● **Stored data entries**
===

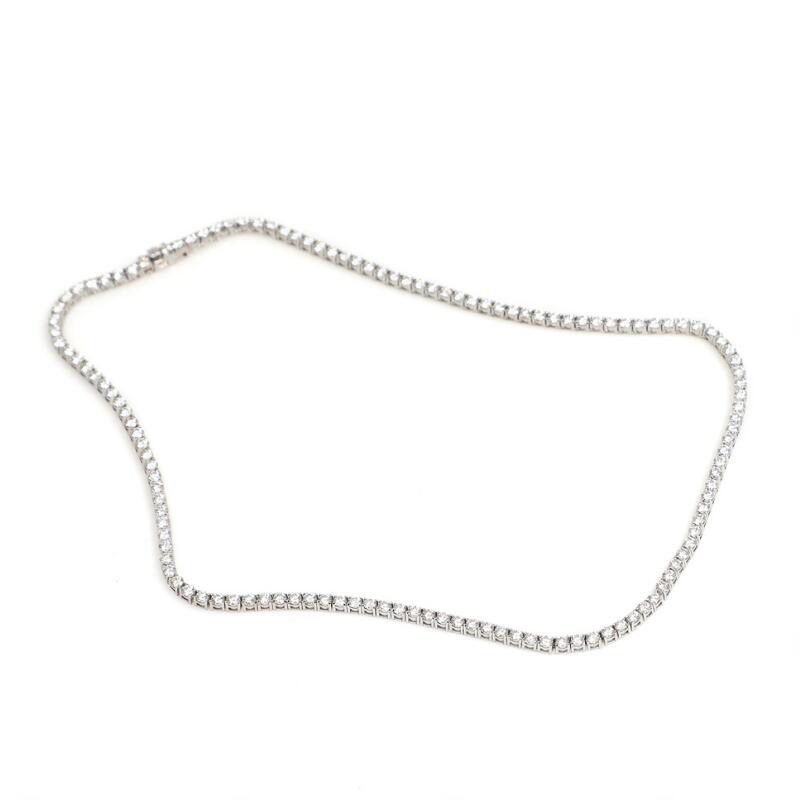 A diamond necklace set with brilliant-cut diamonds weighing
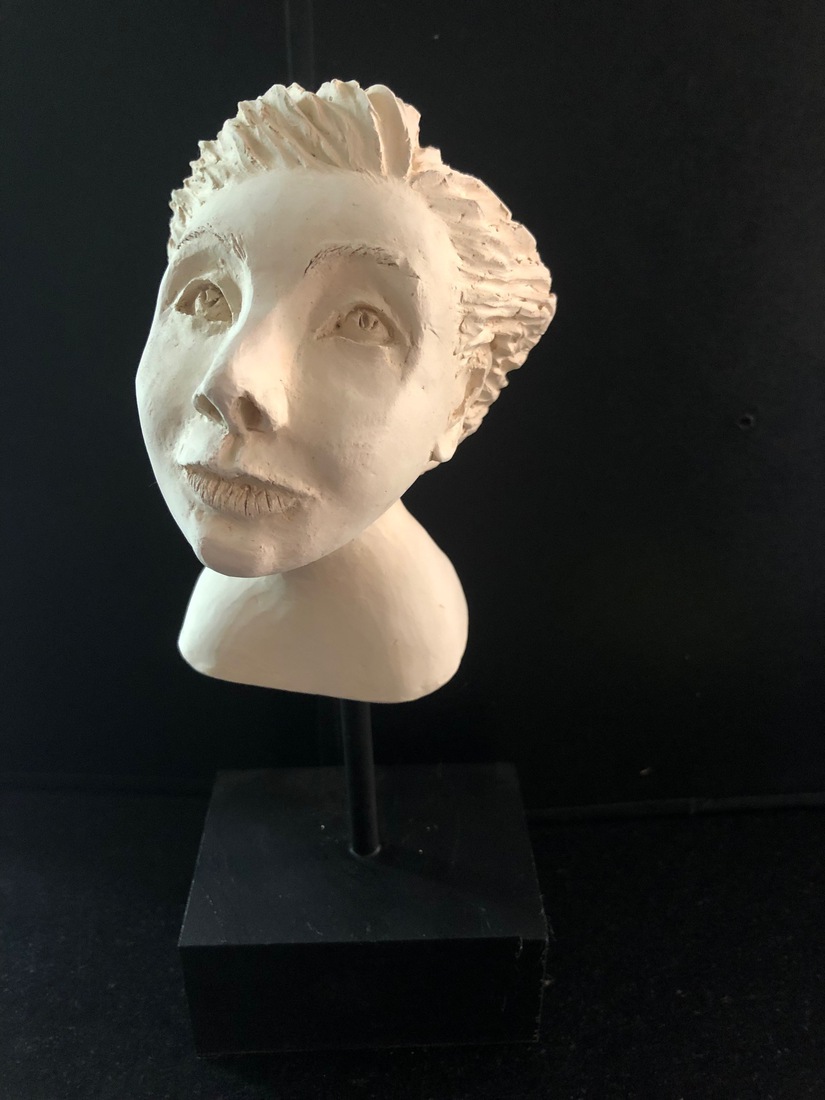 Wit keramiek hoofdje op zwarte sokkel en staafje.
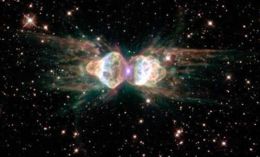 The Ant planetary nebula. Ejecting gas from the dying central star shows symmetrical patterns unlike the chaotic patterns of ordinary explosions.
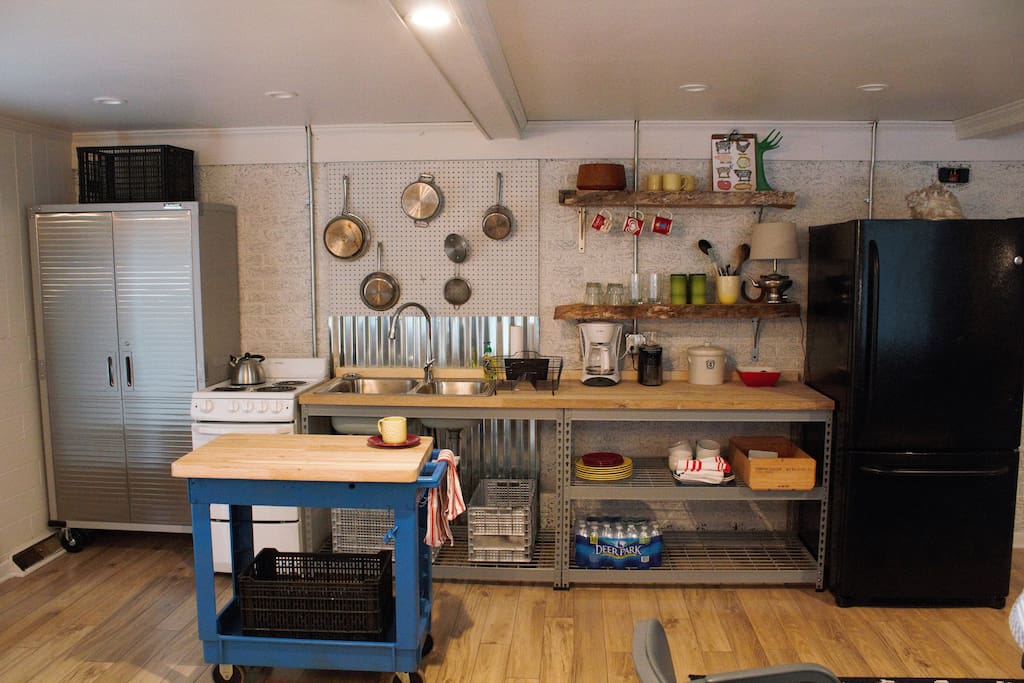 Industrial kitchenette. Oodles of counter space, and charm to boot!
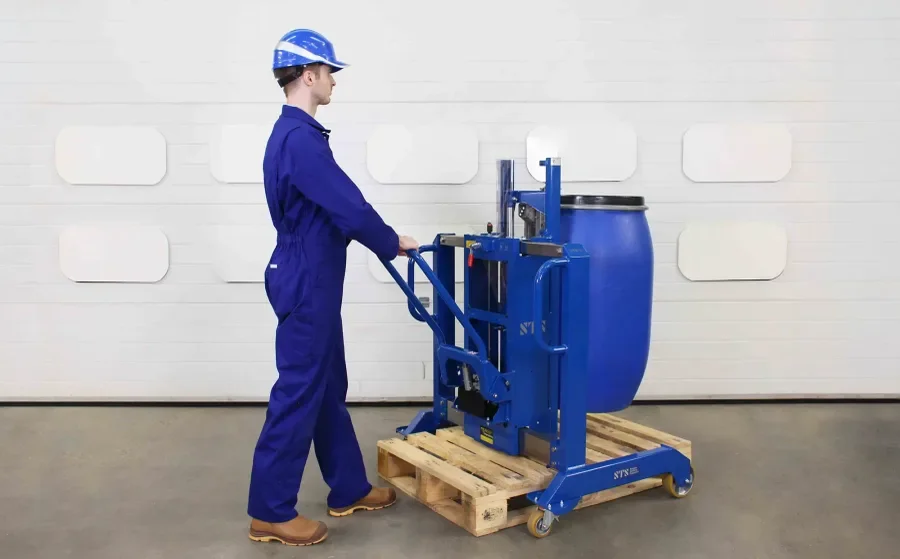 operator using a drum lifter that is straddling a narrow 32" pallet while lifting a plastic barrel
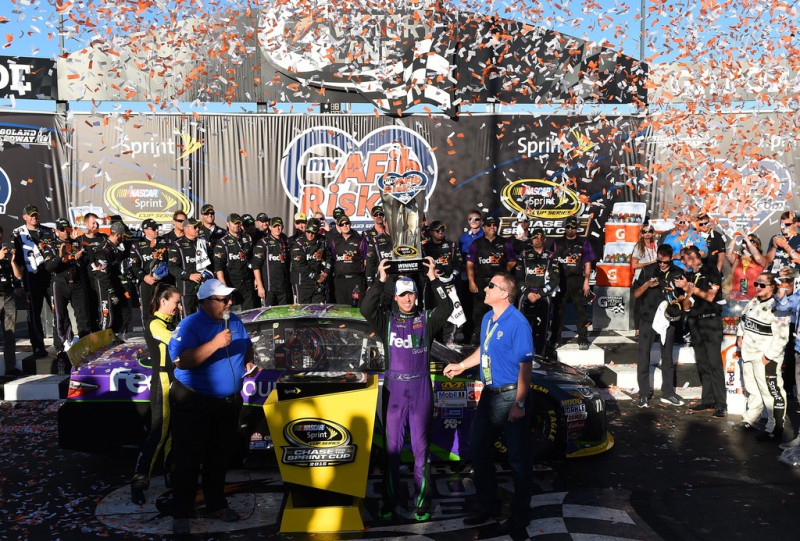 Denny Hamlin, driver of the #11 FedEx Ground Toyota, celebrates in Victory Lane after winning the NASCAR Sprint Cup Series myAFibRisk.com 400 at Chicagoland Speedway on September 20, 2015 in Joliet, Illinois. Denny Hamlin, driver of the #11 FedEx Ground Toyota, celebrates in Victory Lane after winning the NASCAR Sprint Cup Series myAFibRisk.com 400 at Chicagoland Speedway on September 20, 2015 in Joliet, Illinois.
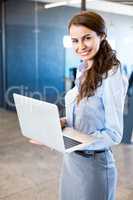 Portrait of young woman using laptop in office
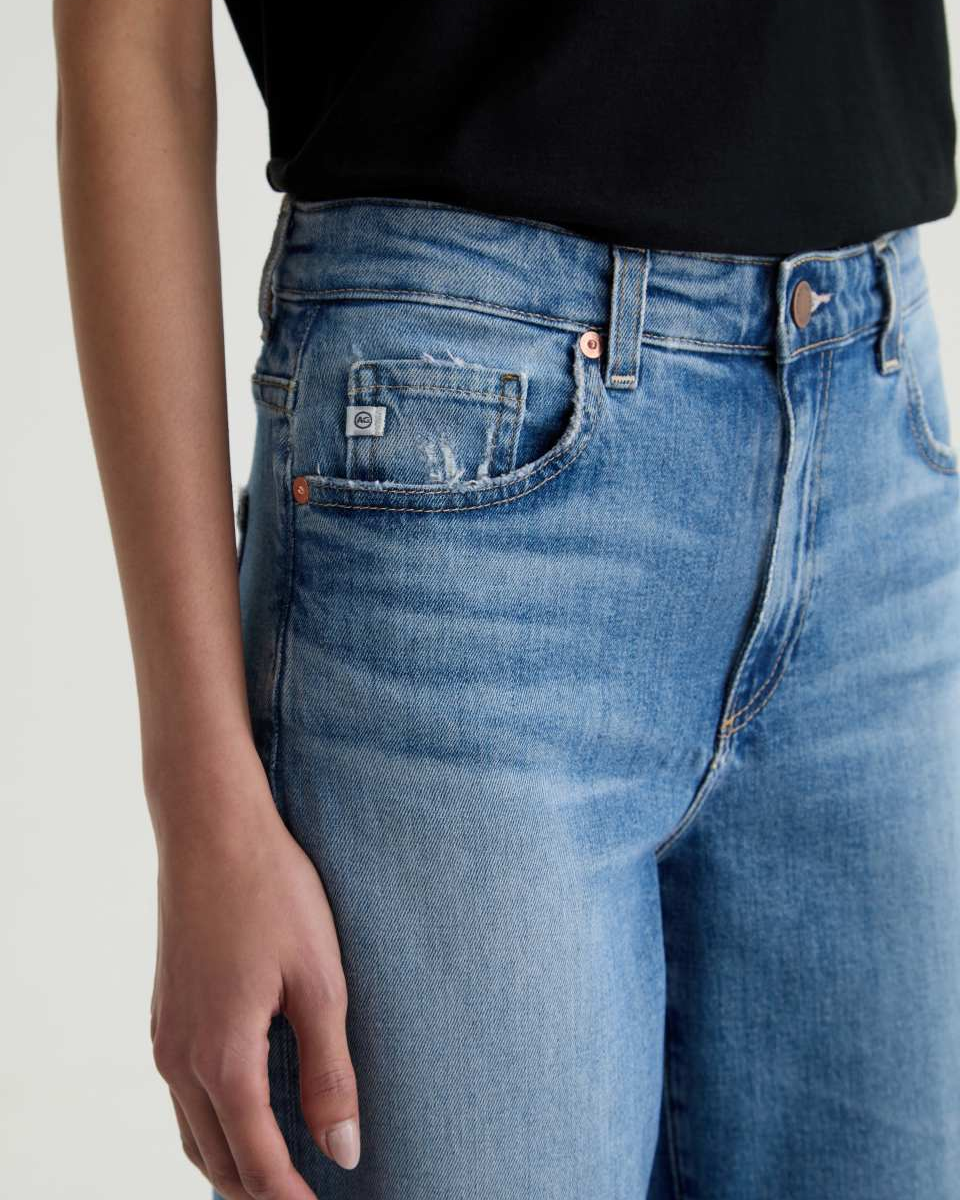 Person wearing blue jeans with a plain background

===

When you reach a picture in the records above, pass over it and transcribe the rest exactly.

● **ANSWER SPACE**
 A diamond necklace set with brilliant-cut diamonds weighing
 Wit keramiek hoofdje op zwarte sokkel en staafje.
 The Ant planetary nebula. Ejecting gas from the dying central star shows symmetrical patterns unlike the chaotic patterns of ordinary explosions.
 Industrial kitchenette. Oodles of counter space, and charm to boot!
 operator using a drum lifter that is straddling a narrow 32" pallet while lifting a plastic barrel
 Denny Hamlin, driver of the #11 FedEx Ground Toyota, celebrates in Victory Lane after winning the NASCAR Sprint Cup Series myAFibRisk.com 400 at Chicagoland Speedway on September 20, 2015 in Joliet, Illinois. Denny Hamlin, driver of the #11 FedEx Ground Toyota, celebrates in Victory Lane after winning the NASCAR Sprint Cup Series myAFibRisk.com 400 at Chicagoland Speedway on September 20, 2015 in Joliet, Illinois.
 Portrait of young woman using laptop in office
 Person wearing blue jeans with a plain background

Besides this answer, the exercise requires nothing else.